CBI Deputy Director-General, John Cridland, said: " "British business is already demonstrating it takes the threat of climate change very seriously. But it is extremely concerned that the UK is making too large a commitment if other countries do not deliver. This could damage business competitiveness in key industrial sectors, especially if electricity prices rise faster than the government expects.
"Germany is expected to protect its electricity generation sector while the UK's will bear the brunt of the emissions reduction obligation with the extra costs passed to UK power users.
"The CBI supports emissions trading and does not want it to be discredited. The government must implement rules and targets for the UK that do not undermine the ability of companies and plants to compete and it must ensure consistency across the EU. If the government cannot achieve this and all member states cannot meet the EU deadline the government must be prepared to revisit the UK's proposed plan."
In its submission to the government's consultation on implementation of the EU emissions trading scheme (which closes today, Friday) the CBI says the government must:
- ensure it does not impose a damaging handicap on UK business which other EU countries are not planning for themselves.
- avoid severe damage to the competitiveness of affected sectors or companies by ensuring all data are as accurate as possible.
The CBI says it is also concerned that inaccurate data is adding to uncertainties about the impact of the targets on UK business. Lack of clarity is making it difficult to be sure figures for past emissions and projections for the future are accurate. Some plants have been missed out or wrongly categorised, others have been given quotas so low that they could suffer huge extra charges.
If the government cannot ensure accurate data and equivalent effort across the EU in time to meet the scheme's 1 January 2005 introduction date it must be prepared to adjust the targets or relax the rules. The CBI believes it is more important to produce an emissions trading scheme that works than to rush things through to meet EU deadlines. (We welcome the government's announcement on Thursday 11 March that it is delaying the submission of detailed emissions allocations to the European Commission until June).
John Cridland added: "The UK produces about two per cent of the world's greenhouse gas emissions.

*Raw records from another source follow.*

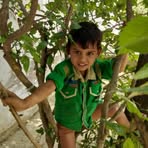 Vinesh Chandra - Facebook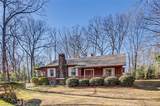 621 Mountain Road - Photo 36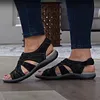 🔥Clearance Sale -Women's Support & Soft Adjustable Sandals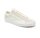 VANS Vintage Sport Style 36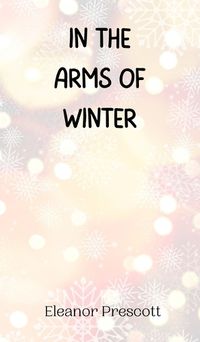 Cover image for In the Arms of Winter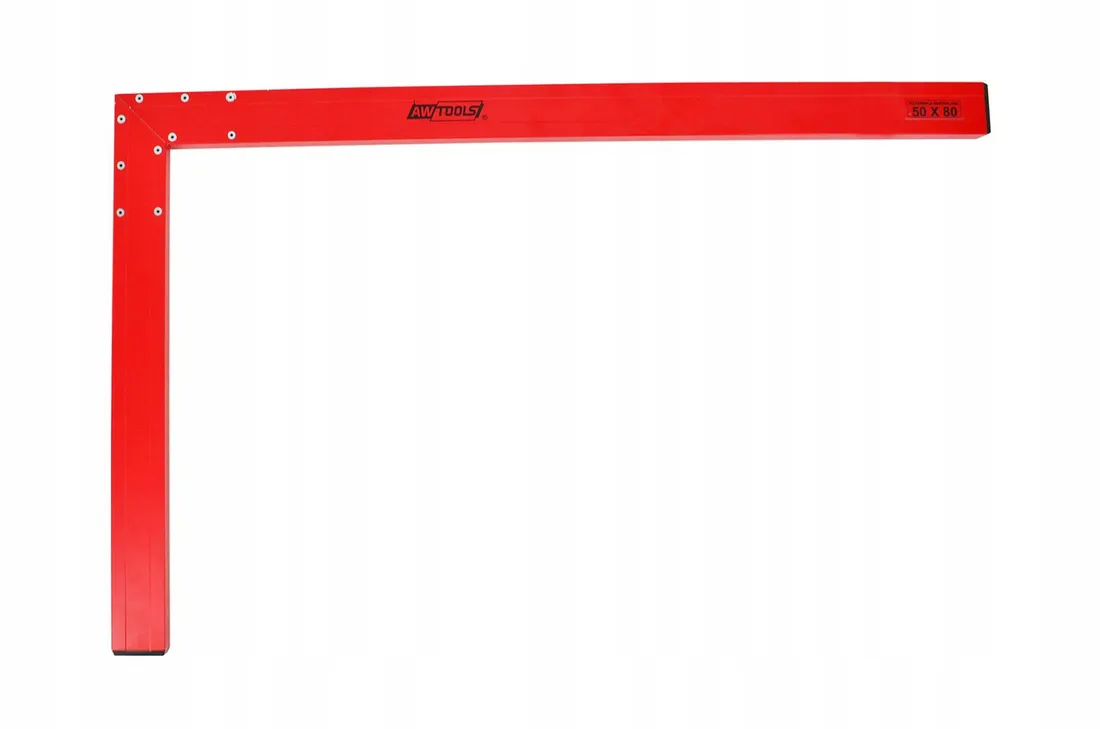 awtools-katownik-40x-60cm-stan-nowy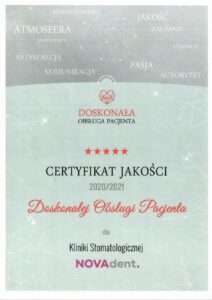Łukasz Olejarka - cert_ (2)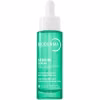 BIODERMA Sébium sérum na dospelú aknóznú pleť 30 ml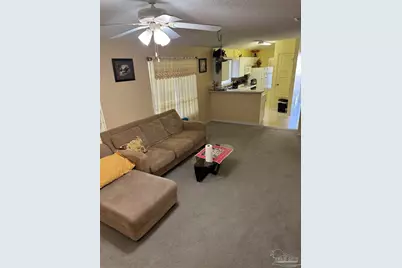 8122 Heirloom Dr, Pensacola, FL 32514 - Photo 5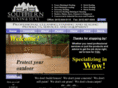 drivewaysealingbrentwood.com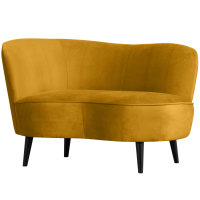 SARA_LOUNGE_FAUTEUIL_LINKS_FLUWEEL_OKER.png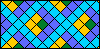 Normal pattern #1559 variation #412963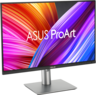 Aperçu de Écran Asus ProArt PA279CRV
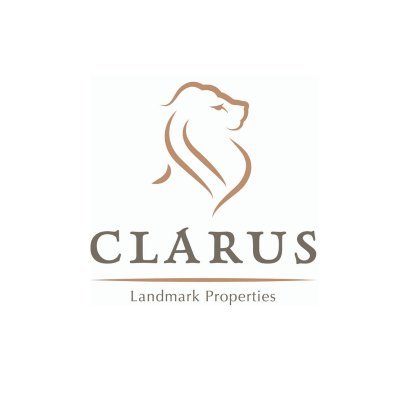 Die Clarus Management GmbH steht für hochwertigste Immobilien, einzigartige Standorte und langjährige Expertise.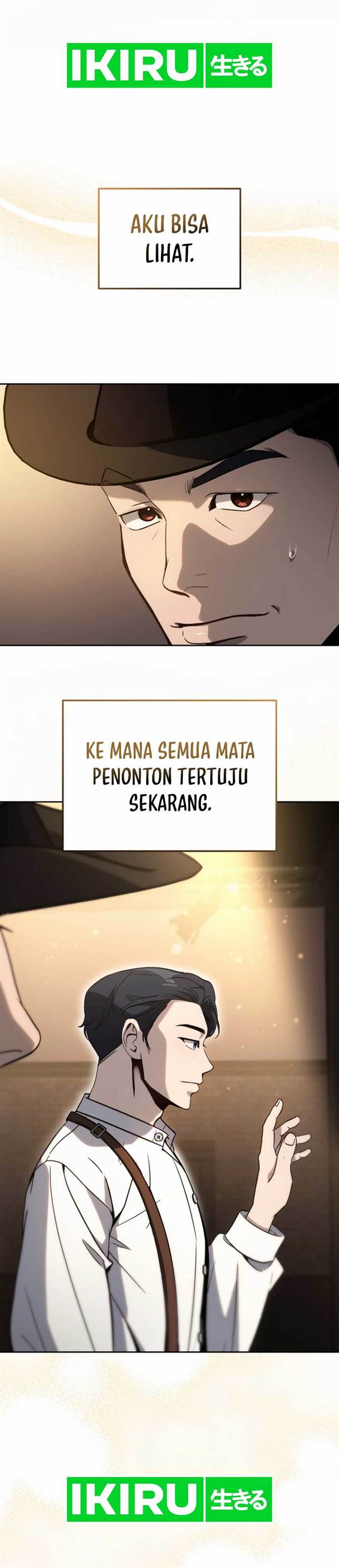 image-komik-a-thousand-faces-chapter-17-43/47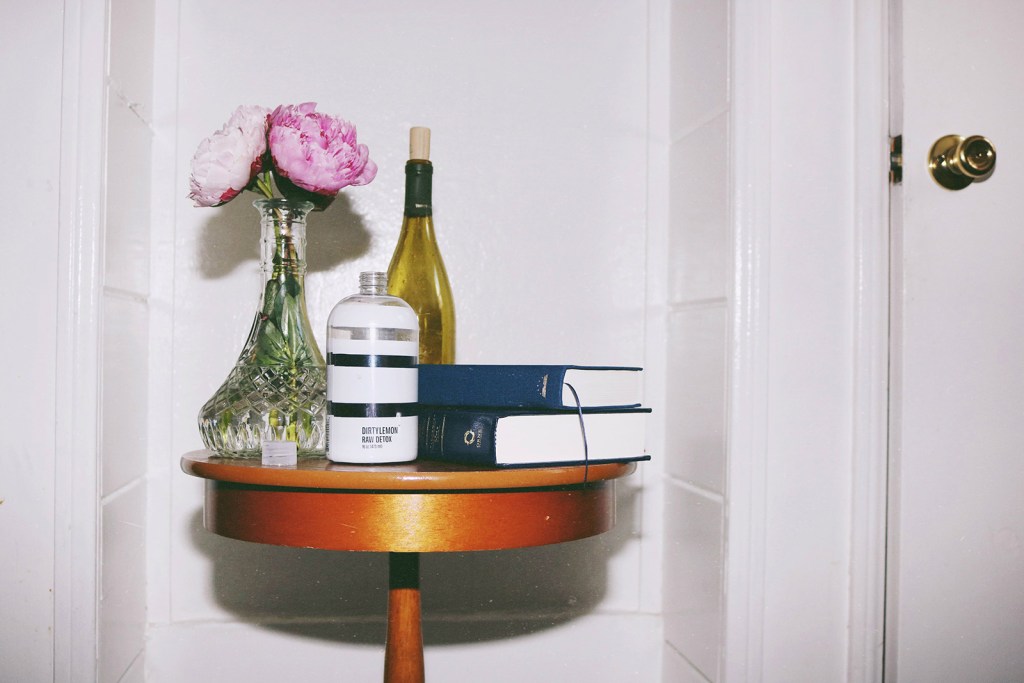 spring-cleaning-2016-hero-149247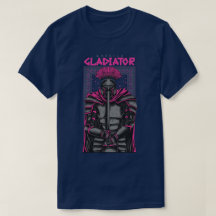 Warrior Gladiator Spartaanse Ridder Vintage Japans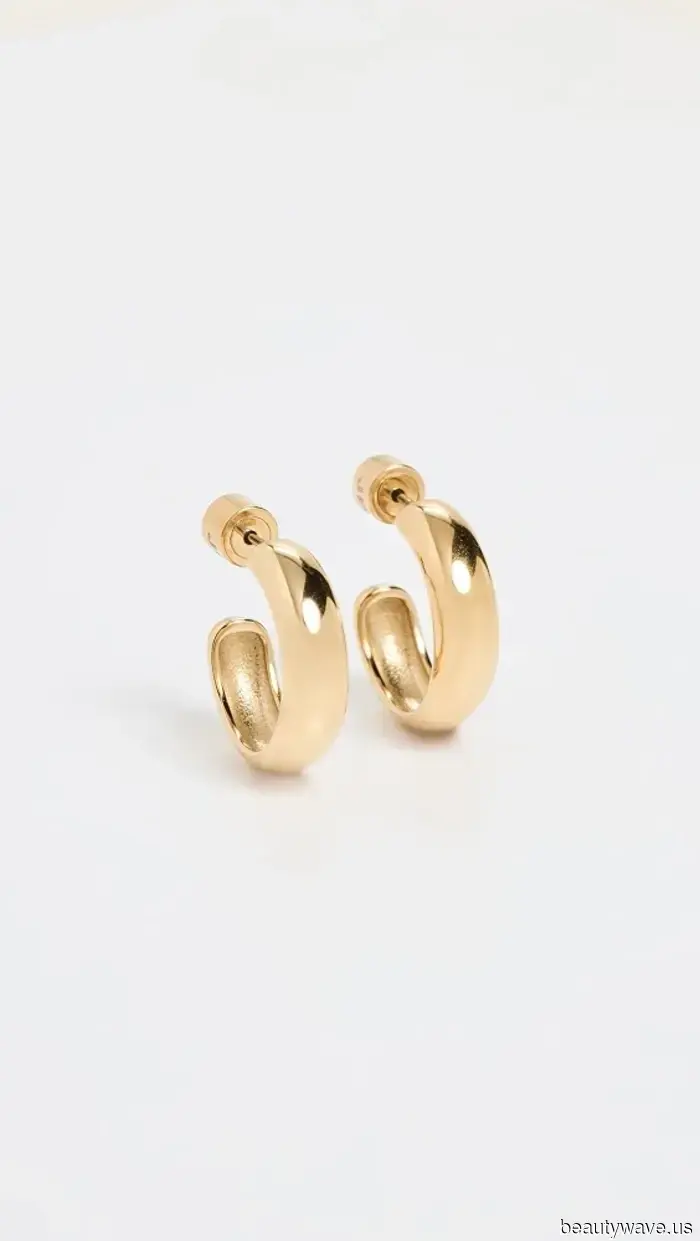 Eine Französin hat gerade zum ersten Mal Shopbop entdeckt&mdash;28 Herbstteile, die sie lieben würde.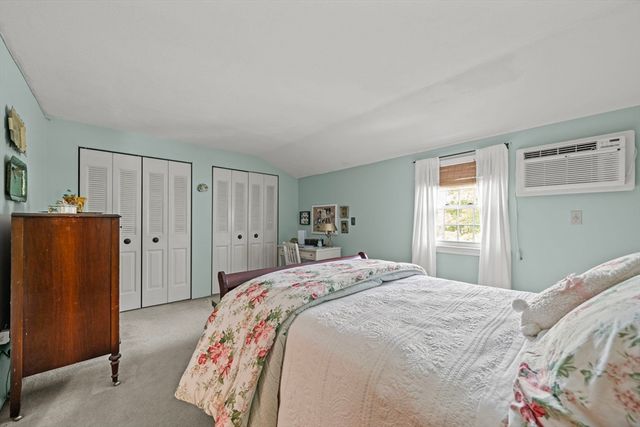 17 Cannongate Road 92, Tyngsborough, MA 01879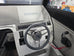 Yellowfin YF-70 Extended Cabin with 250hp Yamaha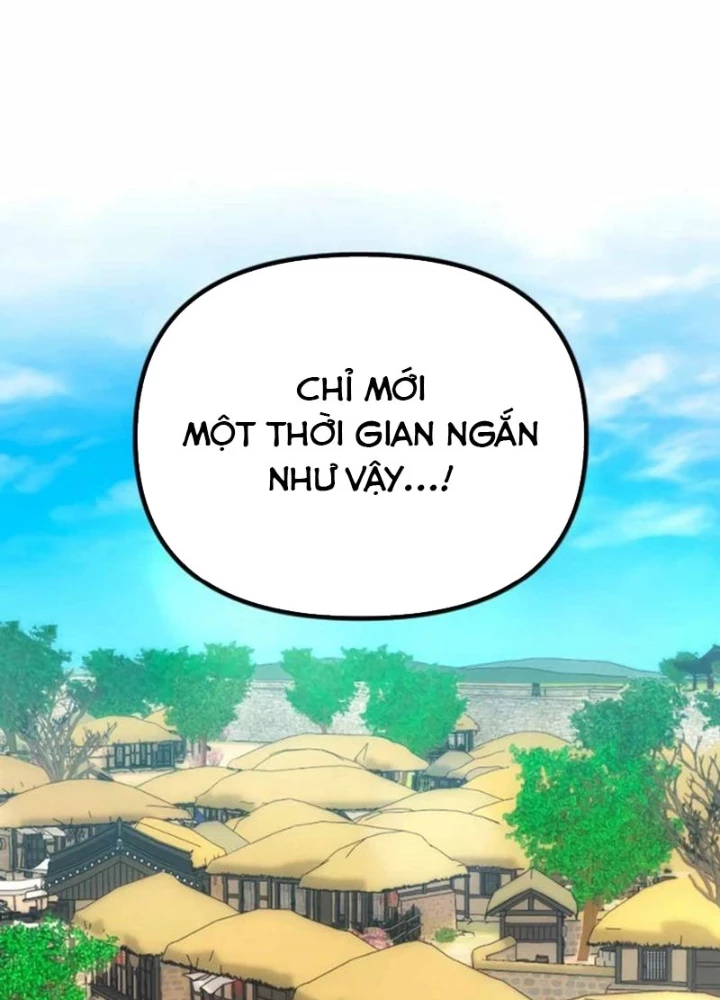 Cuồng Nhân Seoul Chapter 24 - 53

Even the severest reductions here would mean very little in global terms. The UK is putting itself on the line, expecting others to follow but it's increasingly clear that they are not going to. For this small but important gain, the government risks driving jobs abroad to countries where conditions are less onerous."
11 March, 2004
Notes to Editors:The emissions trading scheme will allocate carbon emissions quotas to individual plants. Sites that emit less than their allocation will be able sell their excess quota while those that emit more will have to buy in allowances.